Alajuelita, según explica su alcaldesa Rosario Siles, ha adoptado esta táctica comunitaria y ha formado alianzas con el Ministerio de Seguridad Pública y con policías municipales de cantones vecinos para atender las necesidades del territorio. En mayo, está previsto el inicio de la construcción de una nueva delegación policial en San Felipe.
Aun así, Siles reconoce que los programas sociales no son suficientes. Para ella, es necesario reforzar los que ya existen y crear nuevos en un futuro cercano.
“El pronóstico (en los sitios donde ya penetraron las bandas) no es nada alentador”, lamenta David Hidalgo, jefe de la Policía Municipal de Desamparados. Para esta unidad policial es imposible cubrir todo el cantón con los recursos actuales y en un horario de 12 horas, en el que la mitad del día la población está descubierta y depende de los que pueda hacer Fuerza Pública.
Más complejo aún, asegura, es hacer frente a las peligrosas estructuras criminales que operan en la zona.

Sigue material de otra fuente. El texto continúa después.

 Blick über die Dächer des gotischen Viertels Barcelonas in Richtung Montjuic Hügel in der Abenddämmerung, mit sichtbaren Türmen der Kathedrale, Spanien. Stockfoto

Esta tarea, sostiene, debe ser asumida por el gobierno central.
“Son lugares que están tomado ya por la delincuencia y el crimen organizado, están a la libre y va a seguir aumentando”, admite el oficial.
Desde la Policía se impulsan programas dirigidos a jóvenes, pero Hidalgo sostiene que la participación es baja y los resultados no han sido los esperados.
Desde 2018, el presupuesto destinado a seguridad se ha mantenido estancado. Los regidores del cantón confirmaron a Revista Dominical que están en la búsqueda de alternativas de financiamiento para fortalecer el sistema de cámaras de vigilancia y contratar más oficiales para la policía. Sin embargo, estos proyectos aún se encuentran bajo análisis, a la espera de determinar su viabilidad legal.
Mientras las autoridades buscan la fórmula ganadora para vencer y desarticular las organizaciones criminales, los vecinos —especialmente en zonas de alta vulnerabilidad— viven un constante martirio. Miles de familias, como en el caso de Virginia, temen morir a causa del conflicto entre bandas, aunque no tengan relación alguna con él.